═════ Exercise input
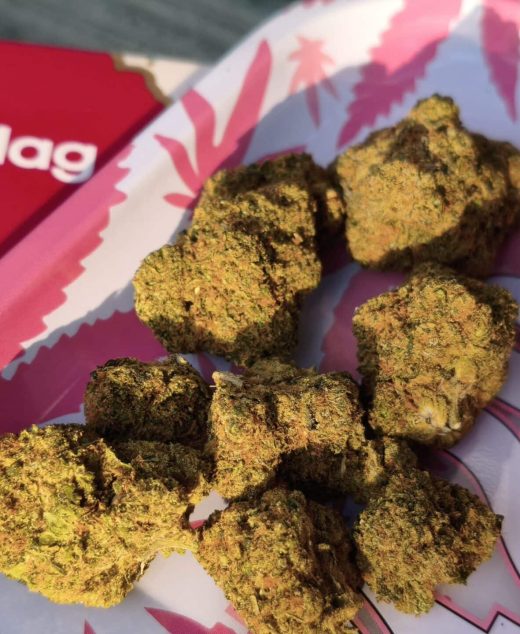 רוז מאג (Roze Mag) – סאטיבה T22/C4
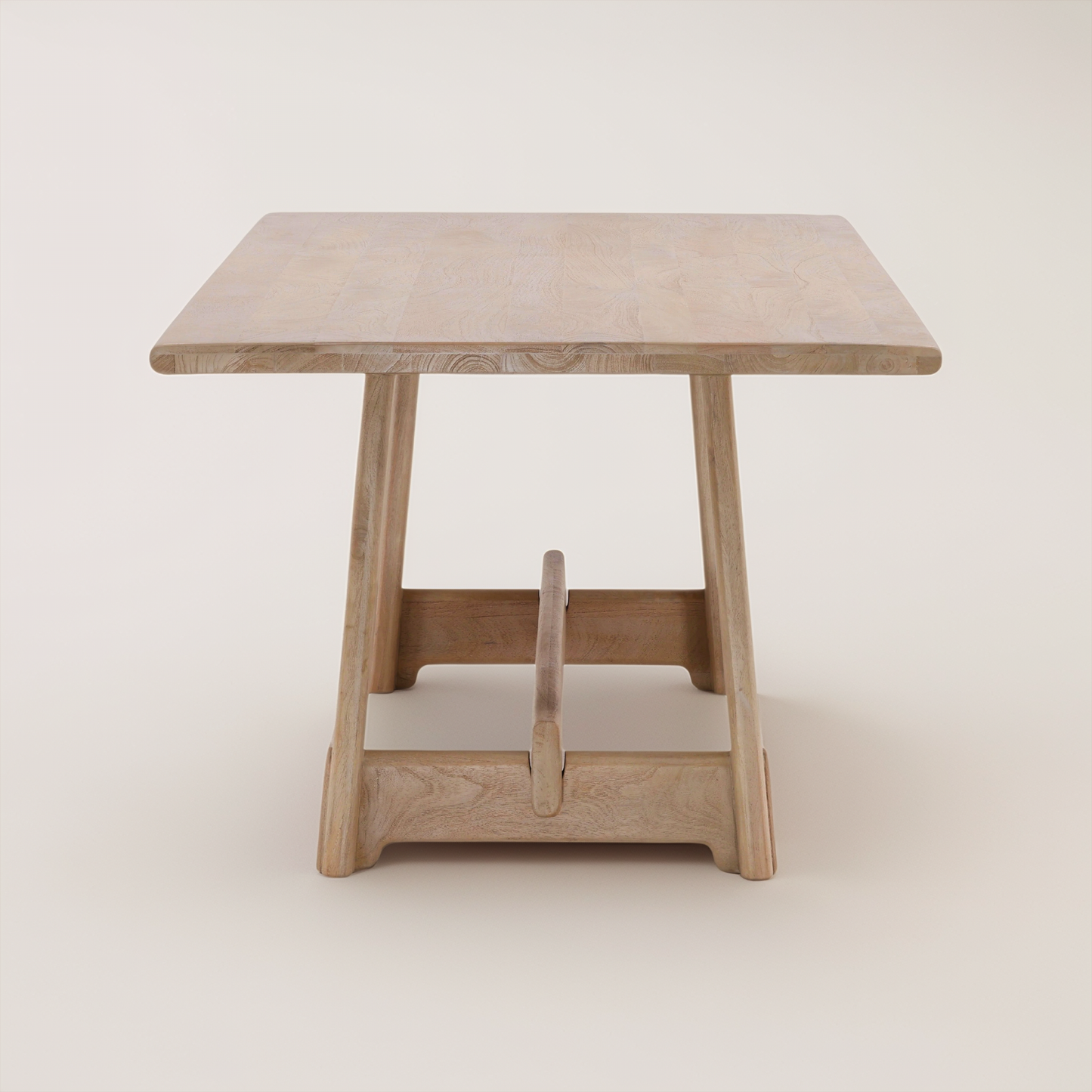 LAKEN MANGO WOOD DINING TABLE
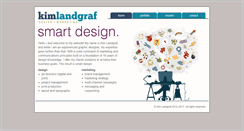 Desktop Screenshot of landgrafdesign.com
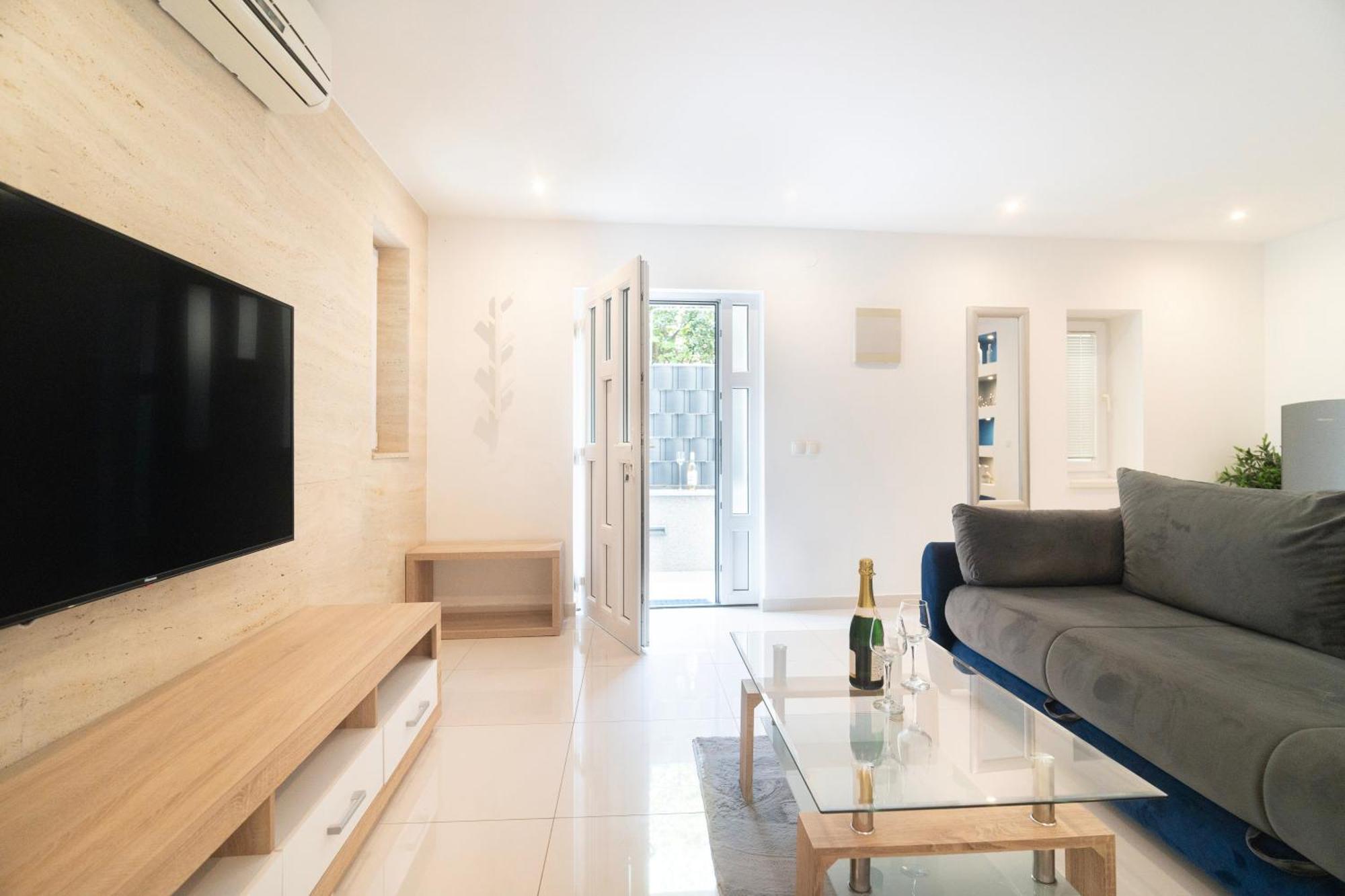Apartamento Bellamare Zadar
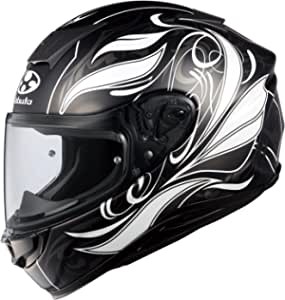 OGK KABUTO motorcycle helmet full helmet AEROBLADE6 ELFI (Alfi)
══════════
> [What you are asked to do] In the records above, find the line that contains "LAKEN MANGO WOOD DINING TABLE" and retype it and all lines after it exactly, leaving out any pictures.

> [Task answer]
 LAKEN MANGO WOOD DINING TABLE
 Desktop Screenshot of landgrafdesign.com
Apartamento Bellamare Zadar
 OGK KABUTO motorcycle helmet full helmet AEROBLADE6 ELFI (Alfi)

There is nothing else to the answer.